В этой тираде легко узнаются основные темы докладов Грегуара, однако здесь они усилены, преувеличены, доведены до гипербол путем риторики, отработанной на протяжении всей Революции (так, Грегуар ничего не говорил о намерении сжечь библиотеки; если же верить Буасси д'Англа, то все они были сожжены). Тем не менее обличение вандализма выходит за изначальные рамки: вандализм — это уже не просто уничтожение памятников, книг, произведений искусства; отныне это стиль жизни в целом, образ действий и язык, которые Террор навязывал стране, и в частности образованным людям. Или даже скорее, это вывернутый наизнанку стиль жизни, отрицание самой культуры. Руководившие Террором «каннибалы» были невеждами и негодяями, грязными людьми и скотами, которые даже не говорили на цивилизованном языке. Ла Гарп, только что вышедший из тюрьмы, обличал вандализм следующим образом: «Это война, объявленная нашими последними тиранами разуму, морали, образованности и искусствам». Он рисовал ужасную картину:
«Мне кажется, я еще вижу этих разбойников, выступающих под именем патриотов, этих угнетателей нации под именем магистратов народа; их множество среди нас, они одеты в нелепые одежды, которые именуют исключительными одеждами патриотизма, словно патриотизм должен обязательно быть смешным и грязным, свой грубый тон и жестокий язык они называют республиканскими, как если бы грубости и непристойности были отличительными чертами республиканцев»[197].

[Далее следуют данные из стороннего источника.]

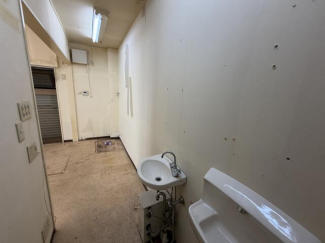 神戸市中央区神若通３丁目の店舗一部の画像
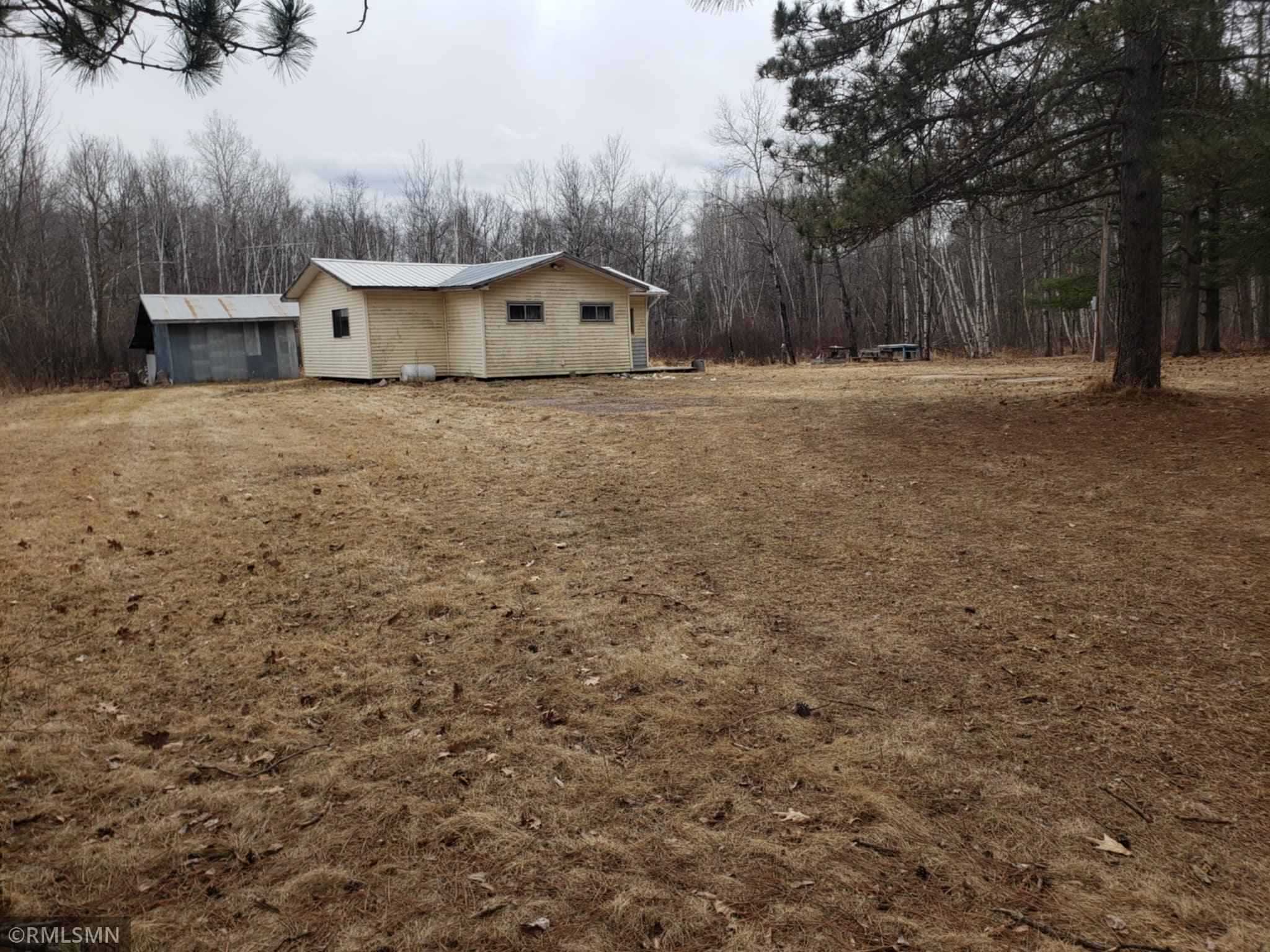 51518 Sand Creek Road, Bruno, Minnesota image 4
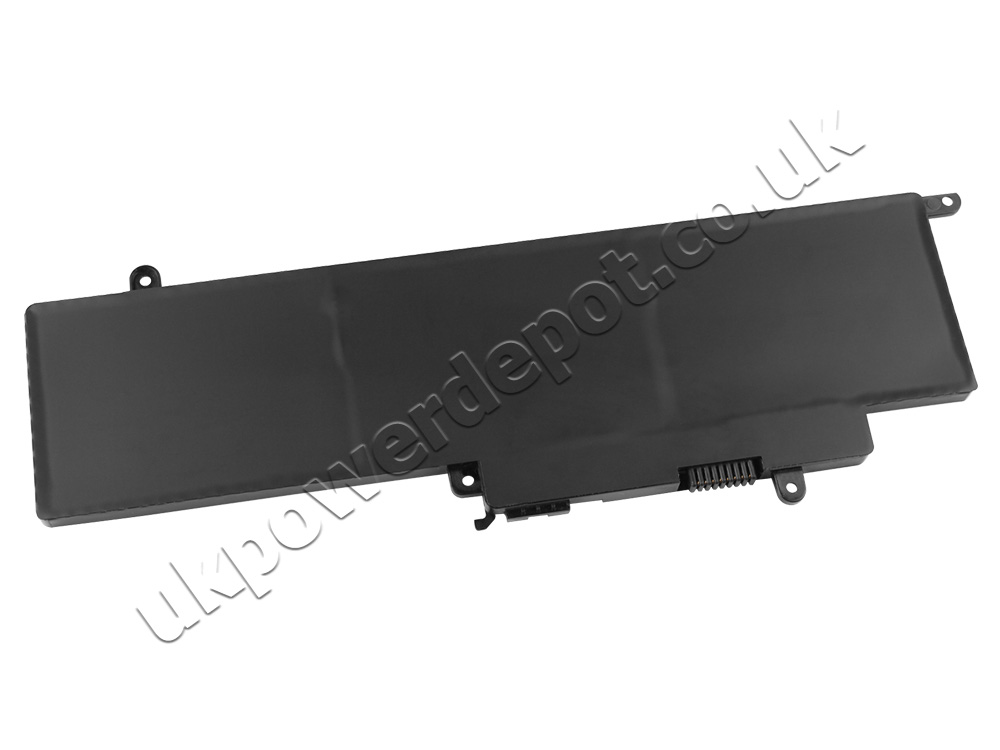 Original Battery Dell Inspiron 13 7359-0085 43Wh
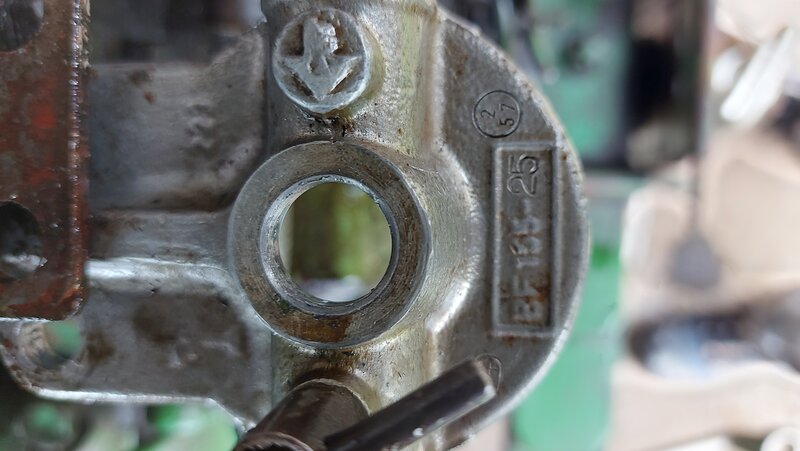 MANN BF155-25.jpg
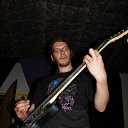 ���� ���������, �����������, 38 ��� - ��������� 29 ����� 2015 � ������ ���� ����������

Камбри обличал не только разрушенные памятники, но и разговорный язык, использовавшийся функционерами и представителями в миссиях, который считался ими по-настоящему «народным» и «патриотическим». Он видел в этом глобальный символ вандализма, «черту, которая позволяет лучше понять низкий уровень властей в ту эпоху [...], в дни ужаса, невежества, слабоумия, жестокости»[198].

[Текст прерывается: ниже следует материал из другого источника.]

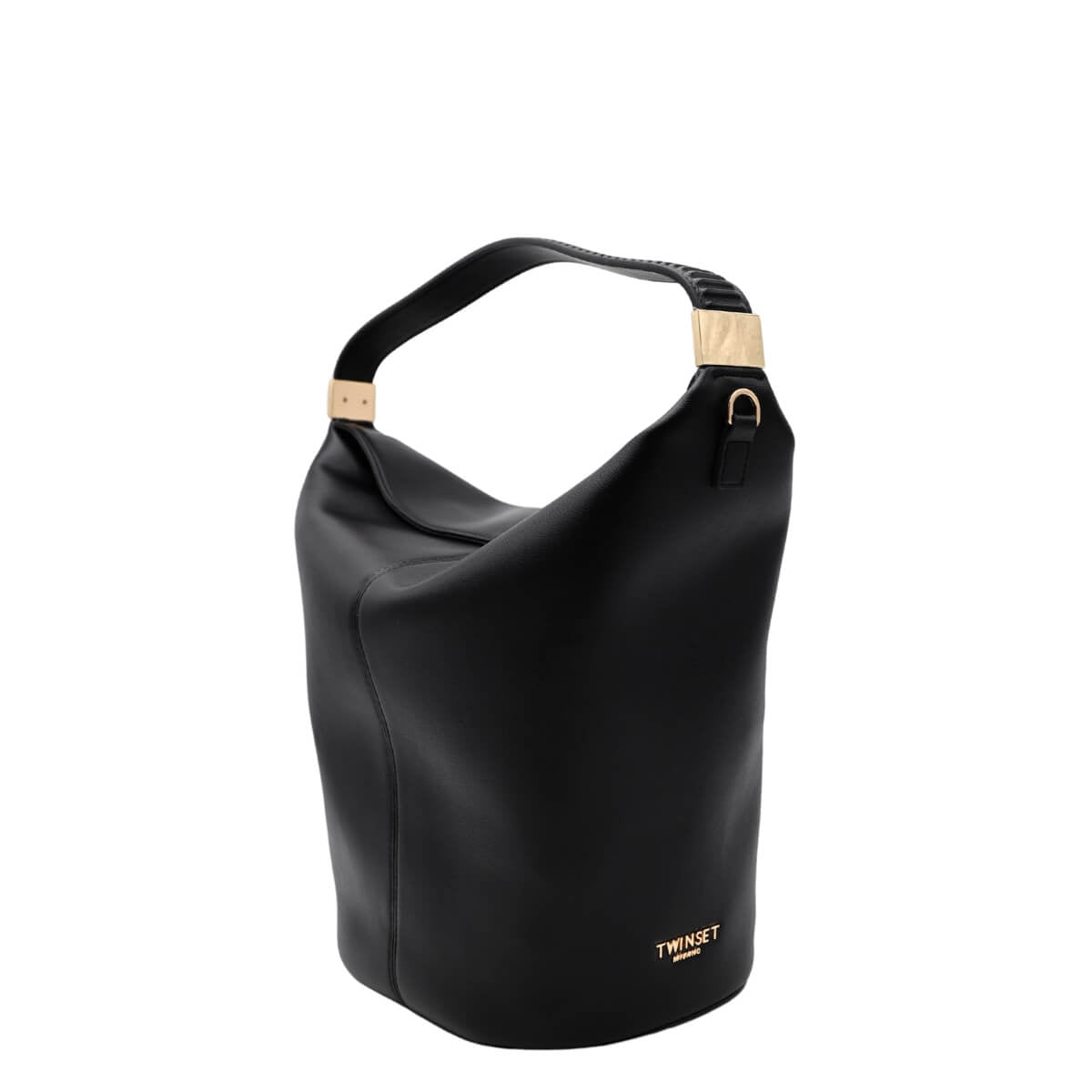 Borsa spalla Twinset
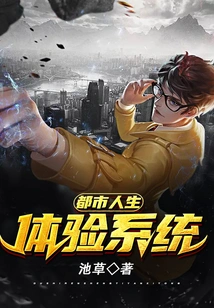 Urban Life Experience System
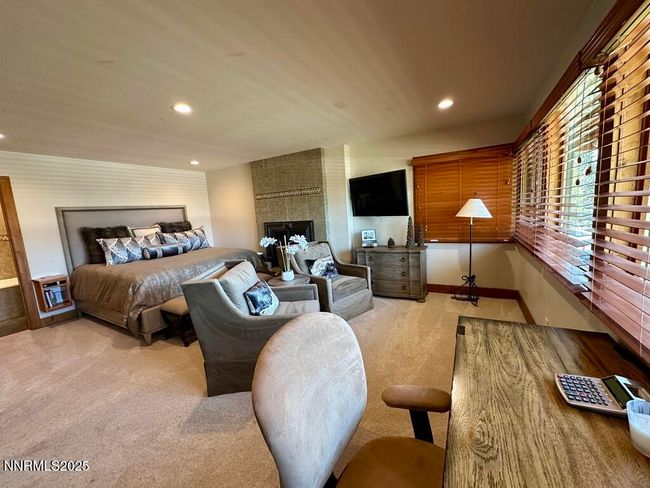 606 Jerry Dr, House other with 5 bedrooms, 6 bathrooms and 1012 parking in Zephyr Cove NV | Image 28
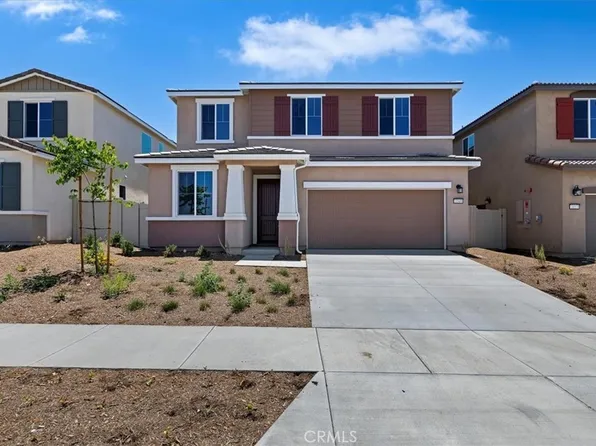 1049 Yuzu Way, Redlands, CA 92374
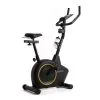 Bicicleta Estática Magnética Zipro Boost Gold -tienda de equipos de fitness bicicleta estatica magnetica zipro boost gold
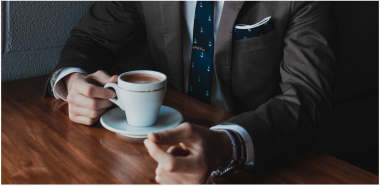 Welcher Typ Investor sind Sie? | Companisto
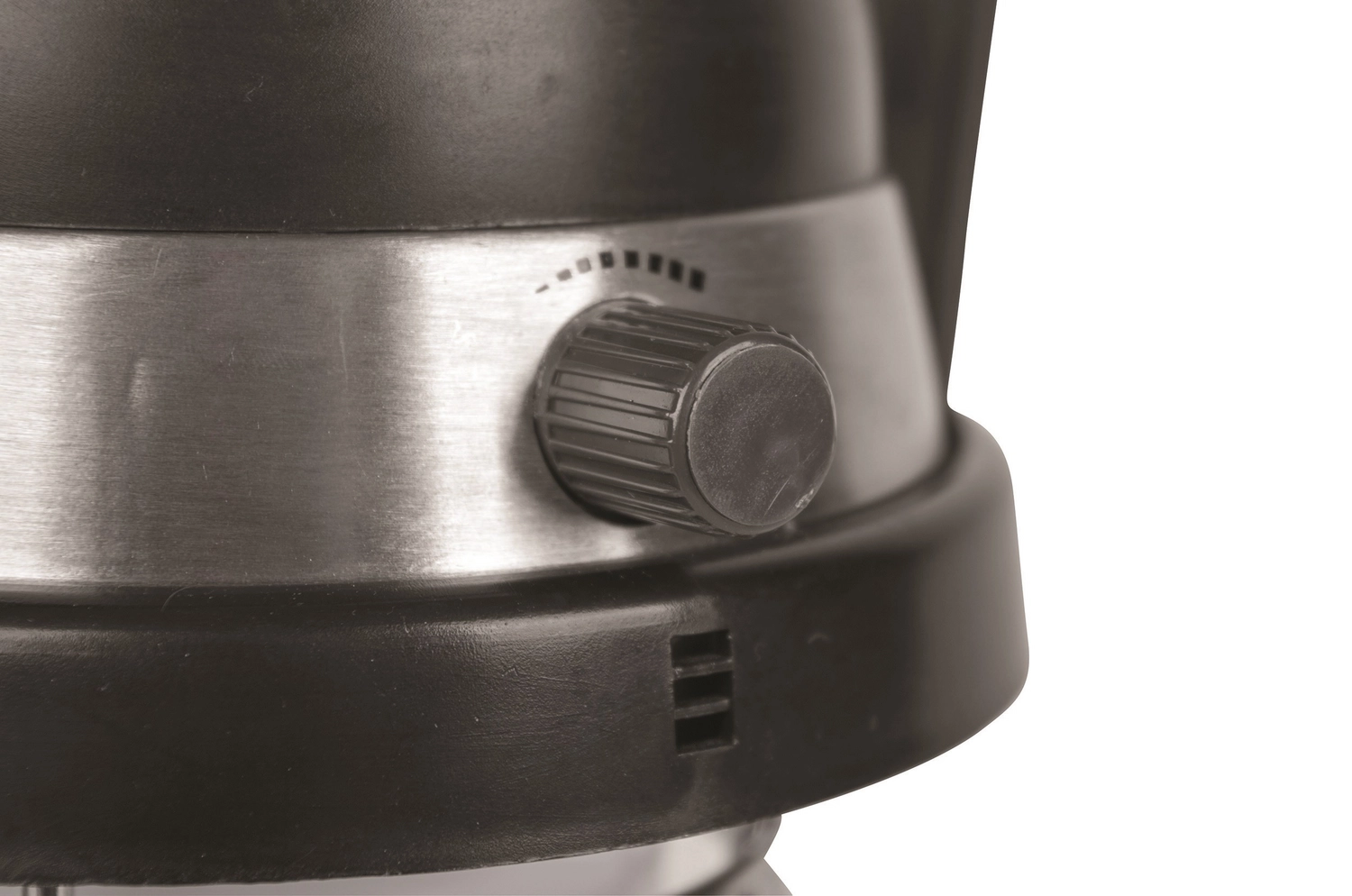 Reislamp Bo-Camp Antares Solar 6 Reislamp Bo-Camp Antares Solar - Afbeelding 4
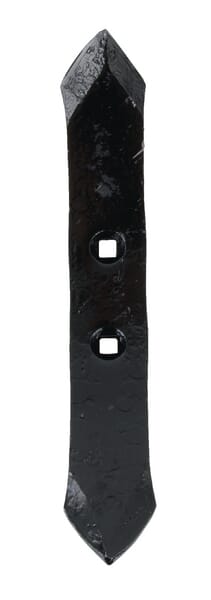KR331846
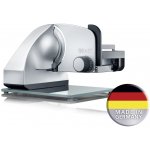Graef Master M 90 – Sleviste.cz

Так, благодаря использованию образов «вандалов-каннибалов» расширялся дискурс о вандализме. Его отправная точка — уничтожение книг и произведений искусства — лишь один из побочных эффектов более общей драмы нравственного падения Франции и Революции. Поскольку эти «маленькие робеспьеры», о которых говорил Грегуар, — попросту пришедший к власти сброд. Прикидываясь патриотами и революционерами, эти негодяи не удовлетворялись тем, что душили честных людей, сеяли страх, грабили и обкрадывали. Они обесценивали всю общественную жизнь, погружая ее в варварство. Этот сброд, подонки общества, естественным образом были врагами просвещенных и культурных людей, к которым они испытывали отвращение. Есть ли лучшее изображение этого вандализирующего Францию сброда, чем комедия Дюканселя «Внутренний мир Революционных комитетов, или Современные Аристиды», имевшая огромный успех весной III года?[199] Пьеса изображала революционный комитет, где собрано отребье общества — прохвосты, бывшие лакеи и швейцары, проходимцы и т.д. Никто там больше не именовался Жанно или Пьерро, но каждый отныне требовал, чтобы его называли Торкватом, Брутом или Катоном. Не умея говорить по-французски, они изъяснялись на гротескном патуа.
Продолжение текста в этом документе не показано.